Anonymous 0 Comments

To build on the excellent answer above, it helps to understand how someone decides how much they think a stock is worth. The ELI30 is it is the net present value of all future cash flows divided by the number of shares of stock outstanding. To break that down, net present value just means stuff in the future is worth less than today. So $100 in 2025 is worth less than $100 in 2022 is worth less than $100 in 2020. Future cash flows is exactly what it sounds like—the company buys a new machine for a million dollars, that’s a million dollars negative cash flow. The company sells a widget for 15 dollars, that’s 15 dollars of positive cash flow. So you take all the projected future cash flows from everything this company will do from now until eternity, you reduce some of those cash flows in size because they’re far in the future, and you’ve got your net present value of all future cash flows. That’s what the company is worth. Divide by the number of shares in the company and you find out what each share is worth.

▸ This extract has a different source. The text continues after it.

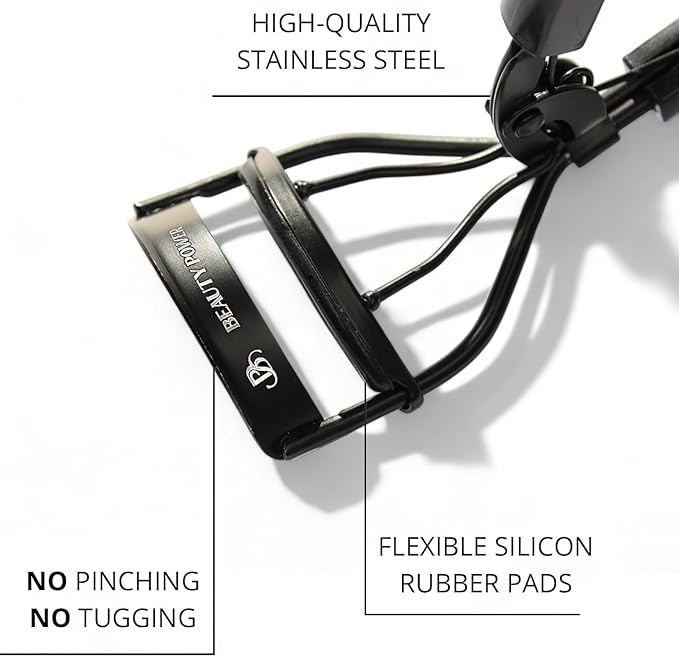 Beauty Power Eyelash Curler - Precision Lash Lift in Seconds with 5 Replacement Pads, Eyebrow Brush & Satin Travel Bag - Gentle & Safe, German Stainless Steel for Perfect Extra Curls - Gift (Black)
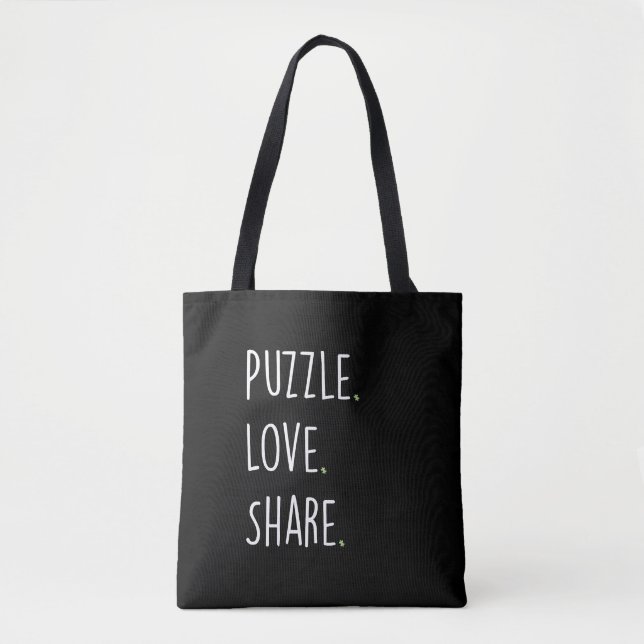 Tela Bolso de mano Puzzle. Ama. Comparte. (Anverso)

What some of these quants do is build models to help them figure out what a share should be worth based on the above. If their model then says a share should be worth $60 but it’s available on the market for $35, they’d suggest to their employer that the stock is undervalued and they should buy it.

Anonymous 0 Comments

Broadly, they create and estimate statistical models of financial assets. The ‘quant’ is short for ‘quantitative’, which means they try to make trading decisions based on hard (quantifiable) data rather than subjective evaluations of an investment opportunity. Those statistical models can take all different shapes and sizes. Some may be mathematically simple but focused on speed to take advantage of trading opportunities that are only briefly available. Others can be much more complex and used to inform long-term trading strategies. The details are, of course, proprietary.

Anonymous 0 Comments

Originally (the 80’s & 90’s), the job of quants was to determine how much brokerage houses would charge clients for derivatives like futures and options based on how much it would cost to hedge the risk of the product by buying and selling the underlying instrument. If they priced it too low the firm would lose money but if they priced it too high another firm would undercut them. Back then quants did NOT try to predict the market.

Now they do, much more math and computing resources are available now and quants try to forecast the characteristics of the return distribution of a portfolio of investments or try to construct the best portfolio for a range outcomes. The idea is to achieve the highest return with the lowest risk.